Each squashes a real number through a nonlinear curve. The choice shapes how gradients flow.
From the chapter: Chapter 9: Neural Networks
Glossary: activation function, relu, sigmoid, gelu
Transcript
Four activation functions, plotted on the same axes.
The sigmoid squashes any real number into the interval zero to one. Smooth. Saturates at the extremes. Its derivative is at most one quarter, and near zero away from the centre.
Tanh, the hyperbolic tangent. Same shape but centred at zero, ranging from minus one to plus one. Slightly steeper than sigmoid.
ReLU, the rectified linear unit. Zero for negative inputs, the input itself for positive inputs. A simple bend at the origin. Cheap to compute, gradient of one or zero.
GELU, the smooth cousin of ReLU. Like ReLU for large positive inputs, gently curving down to zero for large negative inputs.

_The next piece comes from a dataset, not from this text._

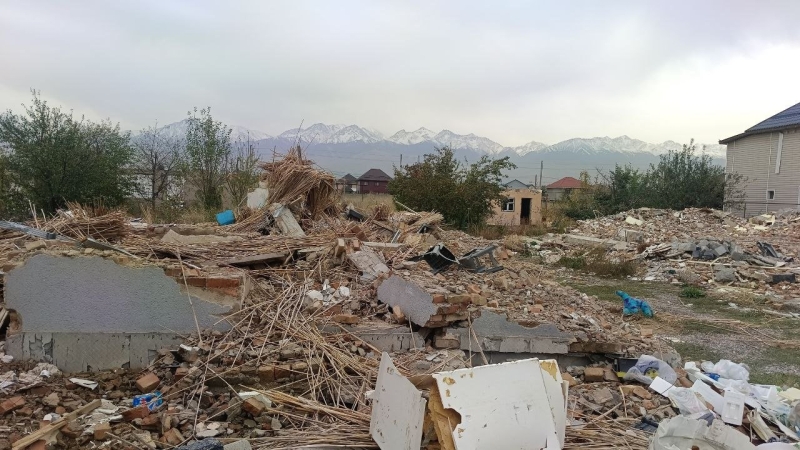 В алматинском микрорайоне на месте снесённых домов оставляют помойки. А почему их вообще сносят?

The shape of an activation matters because gradients flow through its derivative.
Sigmoid and tanh saturate. In their flat tails, the derivative is near zero. Stack a hundred of them and the gradient at the bottom is essentially nothing. The vanishing gradient problem.
ReLU keeps a derivative of one in the active region. Gradients pass through unchanged. This is why ReLU was the breakthrough that made very deep networks trainable.
GELU and SiLU and Swish smooth out the kink for transformers. Small detail, real difference.